A cross-sectional research was conducted to test the hypothesis that although deficit mitochondrial activity is a basic characteristic of both visceral adipose tissue (VAT) and subcutaneous adipose tissue (SAT), it may impact adipose tissue insulin resistance in distinct ways in obesity, non-alcoholic fatty liver (NAFL), and non-alcoholic steatohepatitis (NASH).
In obese people having fatty liver disease, mitochondrial respiration is reduced in visceral but not subcutaneous adipose tissue.
A cross-sectional research was conducted to test the hypothesis that although deficit mitochondrial activity is a basic characteristic of both visceral adipose tissue (VAT) and subcutaneous adipose tissue (SAT), it may impact adipose tissue insulin resistance in distinct ways in obesity, non-alcoholic fatty liver (NAFL), and non-alcoholic steatohepatitis (NASH).
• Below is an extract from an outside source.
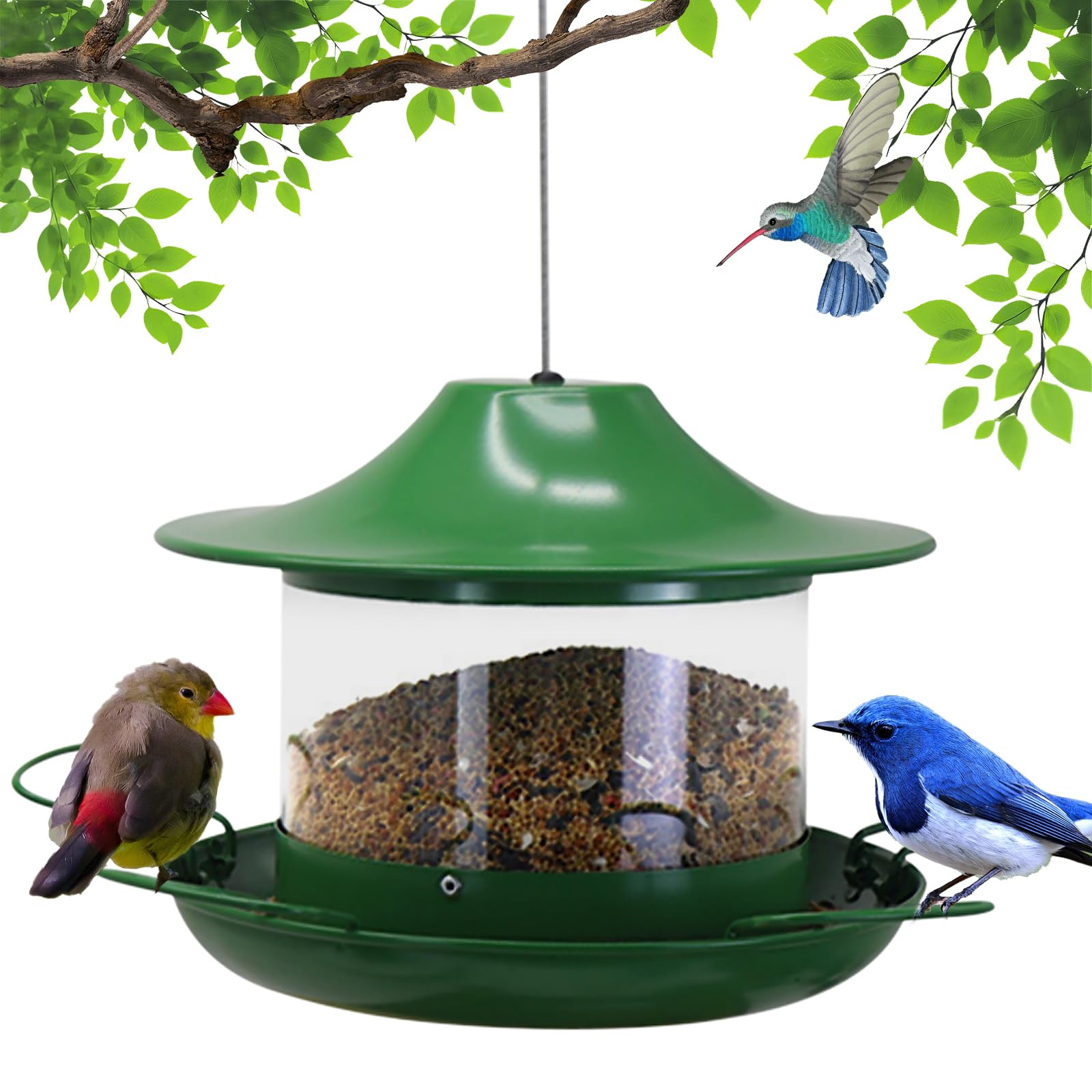 LAbyrent Hanging Bird Feeder outdoors with roof draws birds while blending with garden foliage.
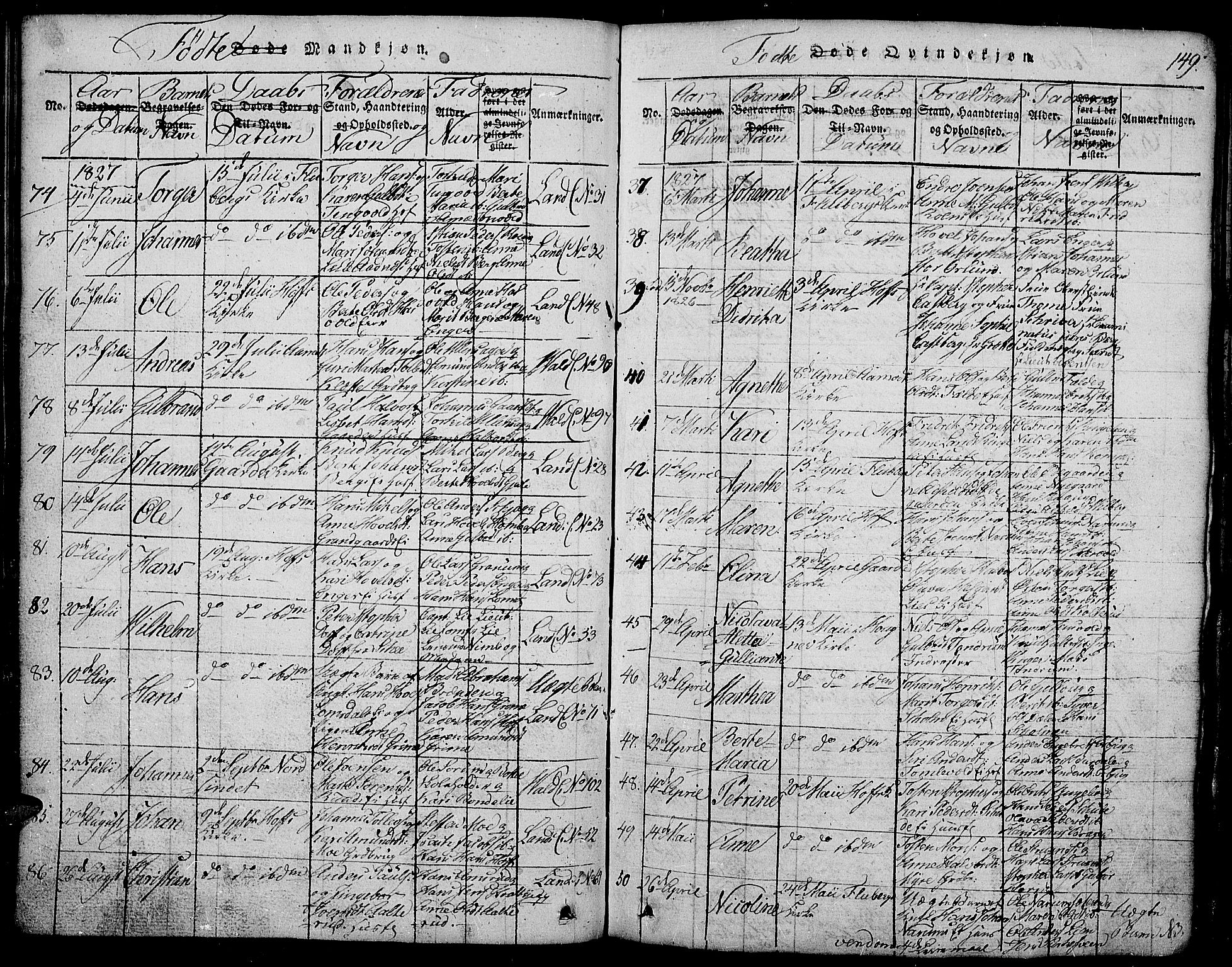 Land prestekontor, AV/SAH-PREST-120/H/Ha/Hab/L0001: Parish register (copy) no. 1, 1814-1833, p. 149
Using stable isotope dilution and hyperinsulinemic-normoglycemic clamp tests, an estimation of tissue-specific insulin sensitivity was conducted. Mitochondrial respiration, mRNA and protein expression, and morphology of tissue in SAT and VAT biopsies from obese people with NASH or NAFL, and without NAFL (n = 22 per group) were also assessed.
Contrasted to people without liver disease, subjects with NASH and NAFL displayed 33% and 30% reduced maximal mitochondrial respiration, respectively, in VAT. However, it was not evident in SAT. Across all groups, lower adipose tissue insulin sensitivity (β = 0.9851) and higher overall VAT protein expression of tumor necrosis factor-alpha (β = -0.085) were both related to VAT's lower maximum mitochondrial respiration.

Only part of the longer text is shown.